Saturday, January 8, 2011

When to Write One's First Novel

In today’s “The Writer’s Almanac,” which is delivered to my email box daily, and which I recommended to readers in my 4/29/10 post, there is a brief synopsis of the life and work of the now obscure English writer, Storm Jameson. In her time (1891-1986), she wrote 45 very popular novels. One thing among many that I appreciate about “The Writer’s Almanac” (the daily poem, the short bios of writers and others, the nuggets of literary information) is the way it reminds us of writers we may have forgotten or perhaps never known about.
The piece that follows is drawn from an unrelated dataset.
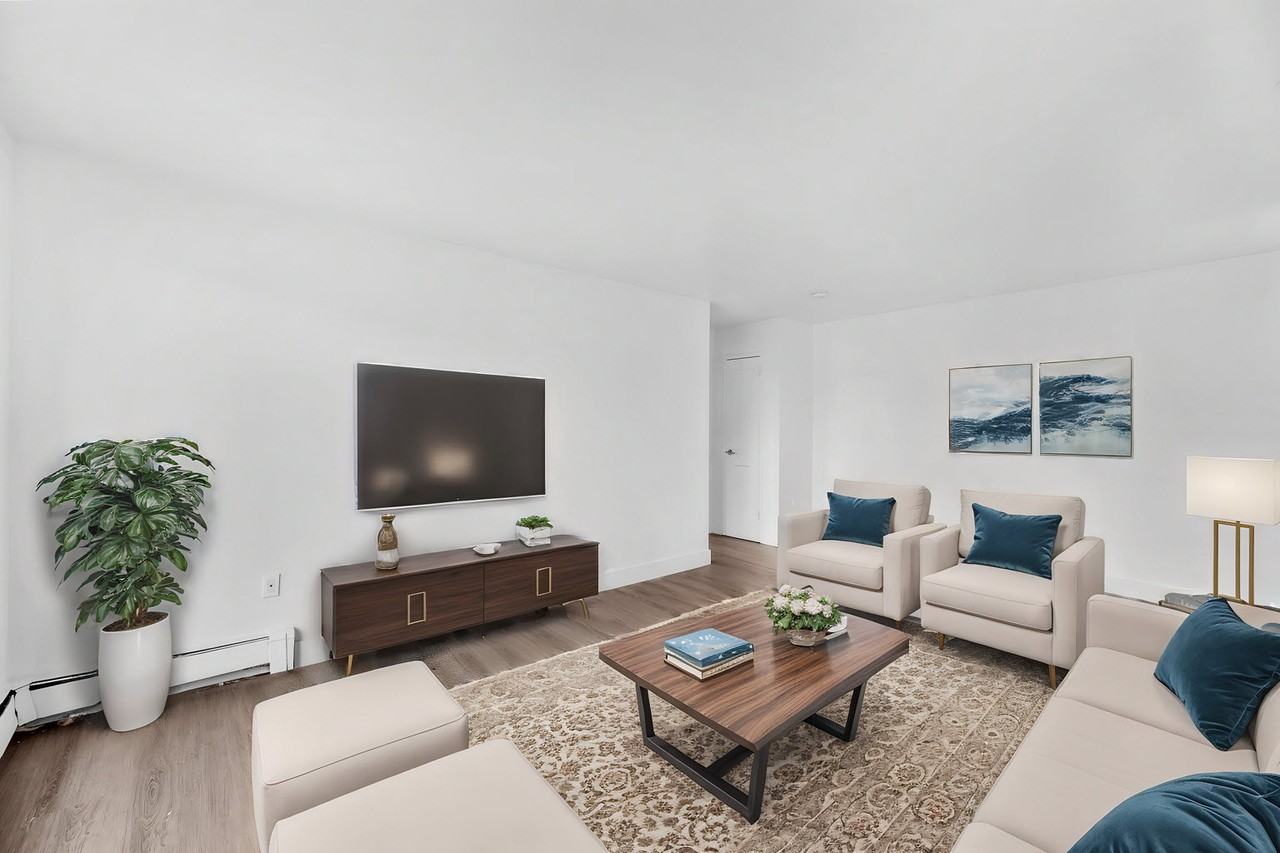 Noel Meadows - Photo 7 of 9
A point that particularly interested me in the entry about Jameson was her recommendation to young, hopeful writers that they wait until their early 30s before writing their first novels. She felt that writers shouldn't wait too long to start, "not so long that the terrible sharpness of young senses – like the sharpness of sensual excitement which makes a traveler’s first moments in a foreign country worth more to him in insight and emotion than a year’s stay – had lost their acuteness, but long enough to be able to see…with a margin of detachment.” This strikes me as wise advice, but also as advice that individual writers have always ignored, and will always ignore, as each writer's life and circumstances are different. We know of authors who started writing when they were in their teens and twenties, as well as of authors who wrote their first novels in their sixties or seventies. This information is of interest to readers, especially when writers are at the far ends of the spectrum (e.g., Francoise Sagan’s publishing her first novel, “Bonjour Tristesse,” at age 19, and Harriet Doerr’s publishing her first, "Stones for Ibarra," at age 74). But whether or not writers follow this advice, I think Jameson expresses it beautifully. I especially like the observation about “the traveler’s first moments in a foreign country.”